Expérience
Ecout'Emoi
Resumé
Ecout'Emoi est une équipe composée d’une vingtaine de professeurs et d'éducateurs à la Providence qui gèrent au quotidien le vivre ensemble dans l’école et plus particulièrement les cas avérés de harcèlement depuis 2014.
Elements de contexte
Le projet est né suite aux difficultés auxquelles étaient confrontée l'équipe éducative par rapport à deux situations de harcèlement. A l'époque, le harcèlement est géré de manière "classique" : faire parler le jeune de sa situation, confrontation harcelé-harceleur, convocation des parents, des titulaires, sanction.

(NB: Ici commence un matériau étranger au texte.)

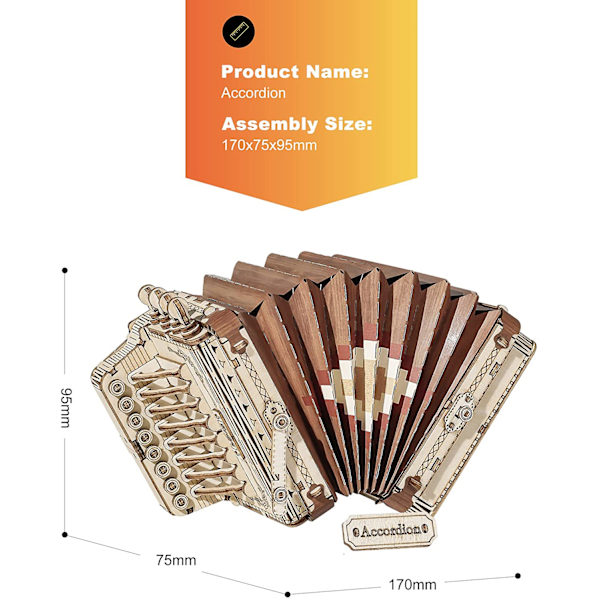 3D Træpuslespil Accordion Håndværk Model Kits til Voksne at Bygge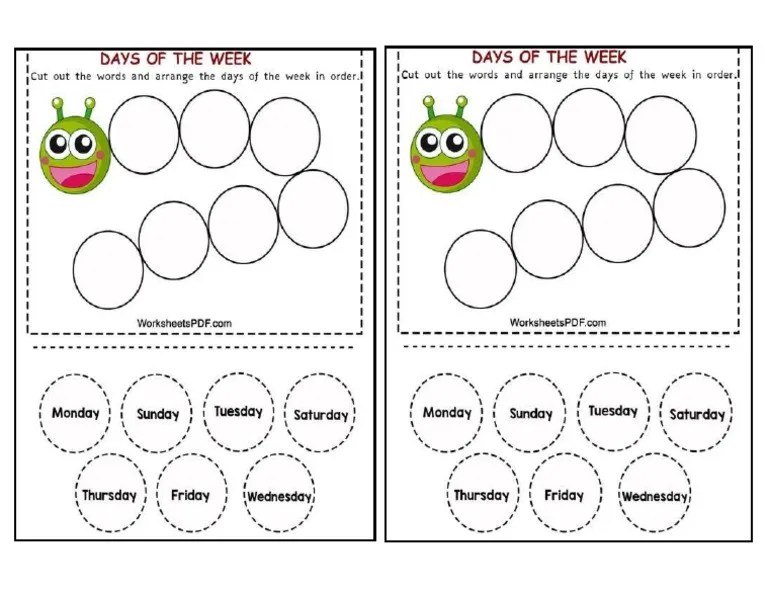 Days Of The Week Worksheet Kids | PDF
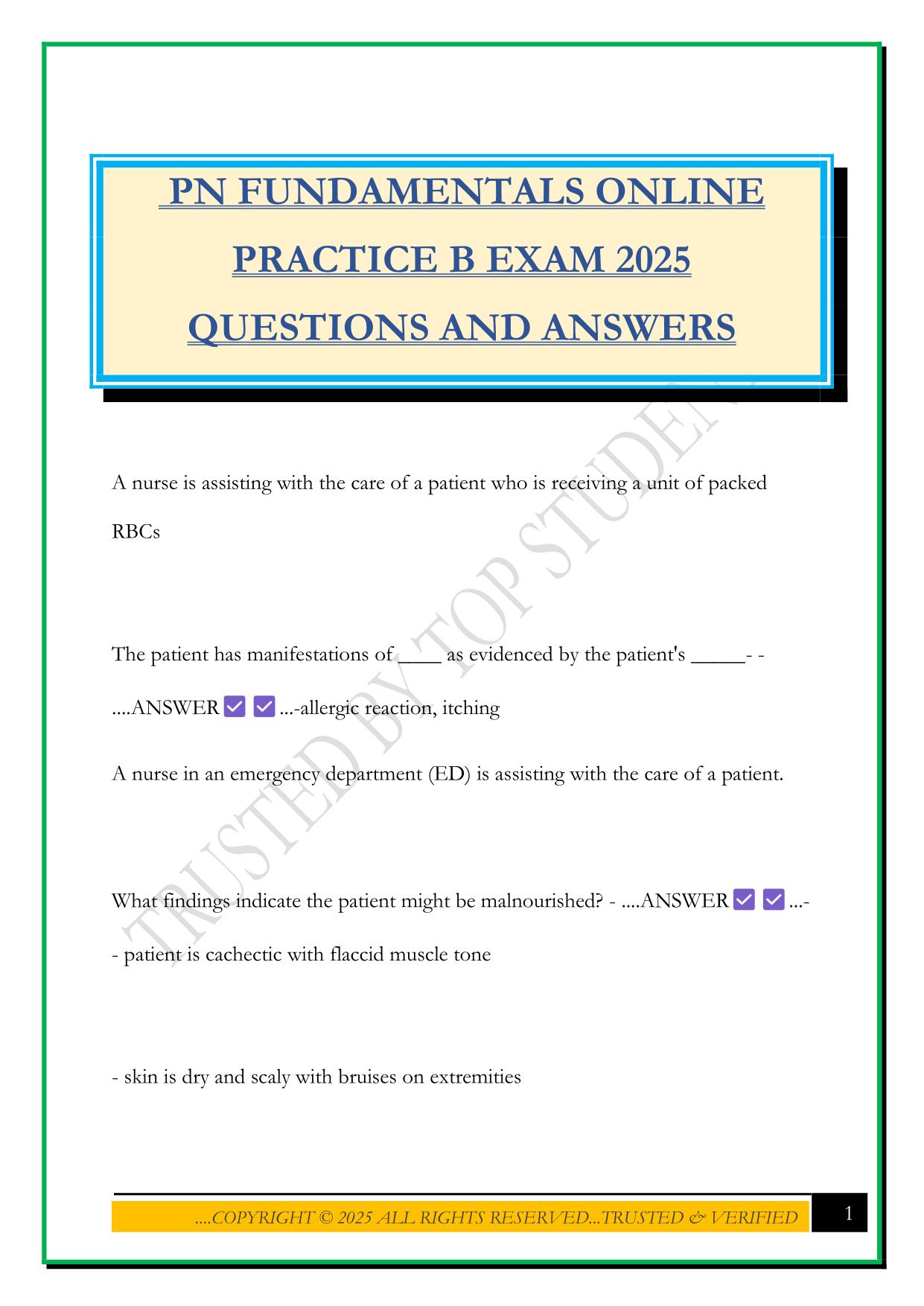 PN FUNDAMENTALS ONLINE PRACTICE B EXAM 2025 QUESTIONS AND ANSWERS
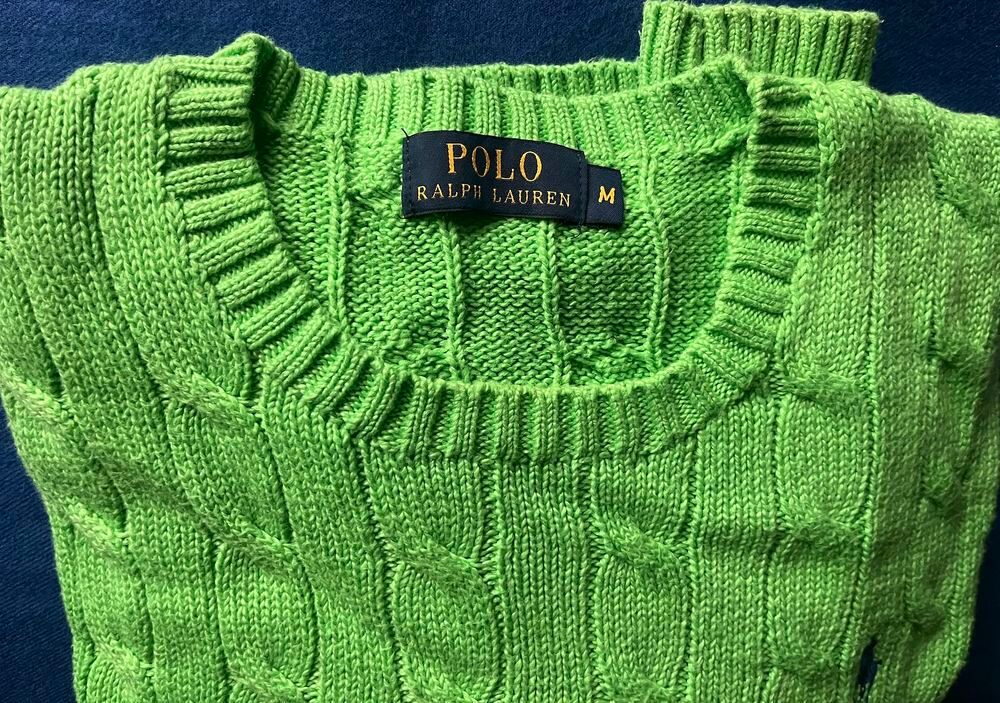 Pull Ralph Lauren - coton torsad&eacute; - Vert Vtements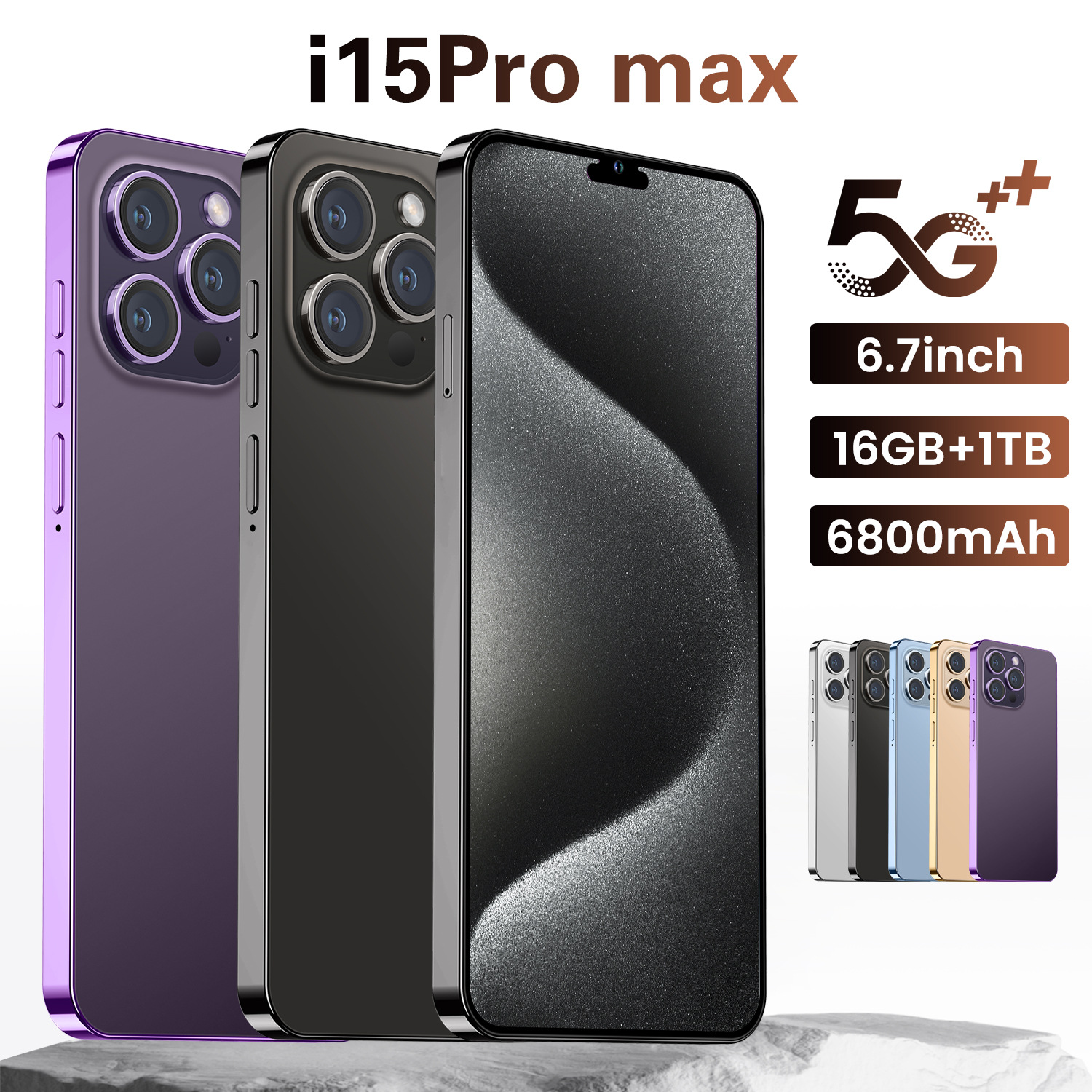 I15 Pro Max 16GB+1TB I Phone Best Price 6.7" HD Screen 48MP+108MP Dual Card Android 5G Mobile Phones - Handys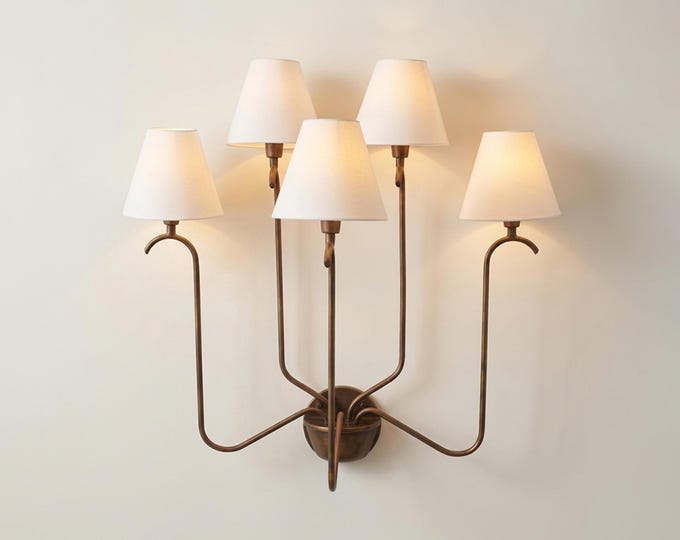 Wall Light Antique brass Sculptural Sconce, Five Light Wall Fixture with White Cone Shades, Modern Luxury Light for Hallway & Interior Decor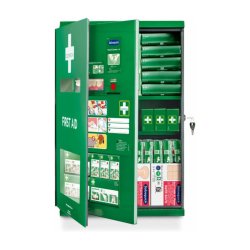 Cederroth F�rstehj�lpsstation med indhold - Dobbeltd�r skab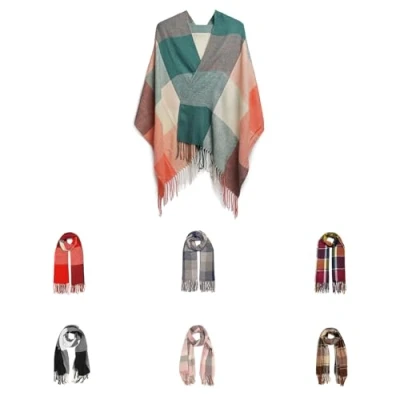 Image of Good Nite Scarf Women Winter Green Scarves Shawls Wraps Ladies Christmas Gifts Long Soft Warm Tartan Wool Spinning Tassel Stole for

Cette approche donne des résultats à court terme mais après quelques semaines, le harcèlement recommence. En plus d'être peu efficace par rapport à la situation de souffrance des jeunes (l'un d'eux a d’ailleurs quitté l’école), le processus est énergivore pour l'école, en termes de communication notamment.
Afin de développer une réponse plus "professionnelle" par rapport à ces situations délicates, l'école participe à l'appel à projet de la Fédération Wallonie-Bruxelles de 2014 concernant le harcèlement.
Objectifs
Le projet a pour objectifs principaux de :
- favoriser un climat d’école bienveillant ;
- utiliser règles, sanctions et lieux de parole pour apprendre à vivre en groupe ;
- mettre fin au "no man's land" concernant le harcèlement ;
- informer et sensibiliser les élèves au phénomène de harcèlement ;
- responsabiliser les élèves pour qu'ils soient actifs ;
- disposer d'une équipe "professionnelle" qui accompagne le vivre ensemble au sein de l'école, qui est identifiée par tous les élèves et les adultes de l'école et qui peut les soutenir ;
- gérer les cas de harcèlement à l'école ;
- impliquer tous les adultes de l’école (parents y compris) ;
- s’inscrire dans la durée.
Public
élèves du secondaire
( Adolescent Adulte-relais )
Milieu de vie
- Milieu scolaire - Ecole
Démarches et actions
1- Réponse à l'appel à projet et engagement de toute l'école
En janvier 2014, la Providence pose sa candidature à l'appel à projet de la Fédération Wallonie-Bruxelles "Prévention du harcèlement entre élèves". Celui-ci propose une formation de 3 jours avec l'Université de Paix, qui s'est spécialisée dans cette thématique, notamment la prise en charge de cas avérés de harcèlement.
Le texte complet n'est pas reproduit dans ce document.